WELCOME

Welcome to our Eng 100 Blog “Conversation Beyond the Classroom”! The title of this blog refers to the community of active readers & collaborative learners we are creating by sharing our academic writing for Eng 100 with each other + a larger group of students, instructors, academics, and just about anybody who chooses to follow our blog! When you write and post your reader responses here (and, later, as you write your essays for the course), I encourage you to use this audience to conceptualize who you are writing for and, most important, how to communicate your ideas so that this group of academic readers and writers can easily follow your line of thinking. Think about it this way: What do you need to explain and articulate in order for the other bloggers to understand your response to the essays we’ve read in class? What does your audience need to know about those essays and the authors who wrote them? And how can you show your readers, in writing, which ideas you add to these “conversations” that take place in the texts we study?
As students of Eng 100, you will use this blog to begin conversations with other academic writers on campus (students and instructors alike). We become active readers of each other’s writing when we comment on posts here. And, best of all, we are using this space to share ideas! I encourage you to use this blog to further think through the topics and writing strategies you will be introduced to this quarter. As always, be sure to give credit to those people whose ideas you borrow for your own thinking and writing (you should do this in the blog by commenting on their post, but you will also be required to cite what you borrow from your peers/instructors if and when it winds up in your essays. More details on that later…).
Finally, keep in mind that writing to and for this audience is a good way to prepare for the panel of readers (faculty at WCC) who will be reading and assessing your writing portfolio at the end of the quarter. We hope that as a large group of active readers, we can better prepare each other for this experience. But, in the meantime, let’s have fun with it! I am really excited see how far we can take this together!

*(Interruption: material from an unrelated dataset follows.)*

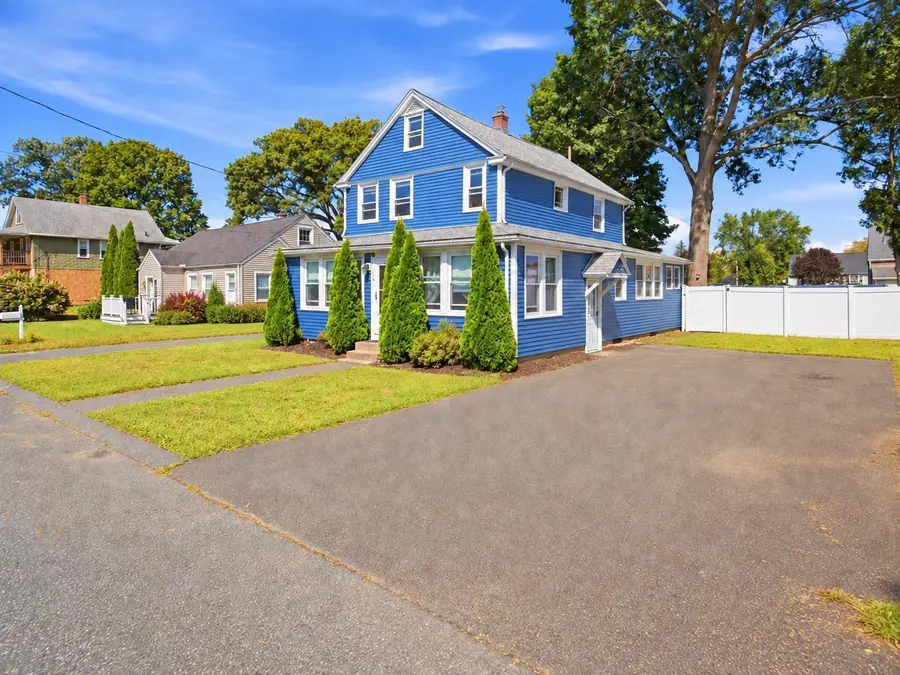96 Catherine St, Chicopee, MA 01013 - #2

--Mary Hammerbeck, Instructor of Eng 100

Monday, February 28, 2011

RE: "The Persuaders"

In the movie, “The Persuaders” is explaining the progression of advertising, that there is nowhere to go without it. We are in this world of clutter and its becoming our own atmosphere. We can’t even watch our beloved TV shows without seeing some form of advertising in the show. The owners of these companies are trying to engage and connect to the community, trying to draw them in and have them hooked. The companies are coming up with these commercials that aren’t even showing what their product is or what it does. But that kind of brainwashing is making the everyday average Joe want the product even if they don’t know what it is. They aren’t trying to bring in one specific group of people but rather than a whole nation of people. They are becoming part of the tribe, cult of the brands that they buy. Once the American person found a product they love, their most likely going to stick with it. Becoming that regular buyer. The product they are producing the love mark, creating loyalty beyond reasoning. By having this love mark, the companies are able to keep a hold of their consumers, and have them keep coming back for more and more.

We never seem to look into the hidden messages when we buy things. When one person buys an item, it’s usually out of impulse. They like the item that they see and they must have it. Usually it also doesn’t help when someone is on the TV saying, “and hurry up we only have 5 left!” The commenter of the movies explains that, “…persuaders listen to us when others won’t…marketer’s find a way inside us that we don’t even realize it at all…that maybe we are the persuaders.” We must induce the person to persuade themselves.